14 Silva; 1994:120 - Divisão de Museus e Património Histórico

15 Nessa época (1915), curiosamente coincidente com a consagração do primeiro Bispo, após a implantação da República que a 23.02.1918 por intermédio de Sidónio Pais é alterada a Lei da Separação entre o Estado e a Igreja, dá-se a 10.07.1918 o reatamento das relações diplomáticas com a Santa Sé que tinham sido cortadas em 10.07.1913. Talvez por estas razões a subdivisão administrativa era paroquial, apesar da atual divisão do território datar de 1835 (Mouzinho da Silveira, 1780-1849), mas mais de natureza fiscal que judicial. Mouzinho da Silveira (1780-1849) a 4 de abril 1832 extingue morgados e capelas que não atingissem um certo rendimento líquido e legisla no sentido de libertar bens vinculados e facilitar a sua abolição. – A 16 de maio define a organização administrativa do país, dividindo-o em províncias, comarcas e concelhos e regula o referendo à organização judicial, que dividia o país em círculos judiciais, comarcas, julgados e freguesias. (O decreto de 11.07.1822 criou 785 municípios e 4086 juntas de Paróquia). Em 1836, Passos Manuel extingue 751 concelhos, passando a 351. Em 26.06.1867, foi publicada a Lei da Administração Civil que tentou extinguir 104 concelhos, dando origem a que o Governo caísse e fosse revogado o Decreto da Reforma Administrativa.

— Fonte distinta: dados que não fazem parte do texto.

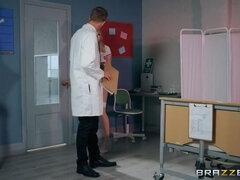 Tetas grandes, Rubia, Británico, Médico, Corridas faciales, Tacones, Afeitado, Medias largas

16 O grande desenvolvimento antigo de Esgueira nos tempos passados provém, em primeiro lugar, da sua vida marítima e, depois, do facto de ter sido elevada a cabeça de comarca, tendo jurisdição sobre trinta e uma vilas e dez concelhos.
A causa da sua decadência foi o afastamento progressivo da linha de maré que fez com que ficassem no interior antigas terras do litoral, bem com a vizinhança de Aveiro que, politicamente, a suplantou, absorvendo a sua comarca. Criada em 20 de dezembro de 1533, esta comarca provém da remodelação operada por D. João III. No princípio do século XVII, porém, estava incorporada na comarca de Coimbra, vindo a recuperar, no século XVIII, a sua independência e a ser uma das nove circunscrições que formaram a província da Beira.
Com a elevação de Aveiro a cidade e a sua passagem à categoria de terra da Coroa – após o confisco aos Duques de Aveiro implicados no atentado contra D. José I – desapareceram antigos privilégios do ducado, passando esta a ser cabeça de comarca, e transferindo-se então, logicamente, a hegemonia administrativa anteriormente na posse de Esgueira. É de 11 de abril de 1759 a lei que extingue a provedoria de Esgueira.

17 Esgueira – Cá está um topónimo difícil de deslindar. Há várias versões, mas a mais consensual, pelo menos entre o povo anónimo, é de que deriva de um barco que se encontrava de esguelha, o que não nos parece viável, pois ao longo da costa portuguesa sempre houve barcos de esguelha (esguelha = través, oblíquo, soslaio, diagonal) e que se sabia não há outra Esgueira ou sequer semelhante (veja-se o caso de Taboeira, que está espalhada por todo o país e nas proximidades de água doce). O saudoso escritor Gonçalves Venâncio também defendia a tese ‘esguelha’, fiando-se numa lenda herdada do primeiro milénio da era de Cristo.
Há muitos anos lemos algures que Esgueira deriva de salário, no tempo em que os romanos passaram por cá.
A dar algum crédito, lá vem na Grande Enciclopédia, página 150 que “Esgueirar – significa que entre outras coisas: esgueirou-lhe dinheiro sem êle perceber!” Mas a certeza deu-nos o atual Dicionário Enciclopédia Português, volume quatro, página 369, onde vem claramente expresso que “Esgueira significa o pagamento da jorna ao trabalho rural”.
Mas esta conclusão não deslinda de todo a origem do topónimo, pois se Esgueira vem de salário, porque não há outras povoações com o mesmo nome onde o salário funcionava!
“Esgueira, antiga vila bem assistida de famílias de distinção e avultada fazenda, Concelho e cabeça de Comarca, à jurisdição da qual vinte e nove, entre as quais Vilar (que pelo menos a 4 de agosto de 1515 dependia de Esgueira) se subordinavam, com a perda da sua autonomia administrativa em 1836 e respetiva incorporação no Concelho de Aveiro, viu decair e desaparecer a posição de relevo que até aí ocupava”.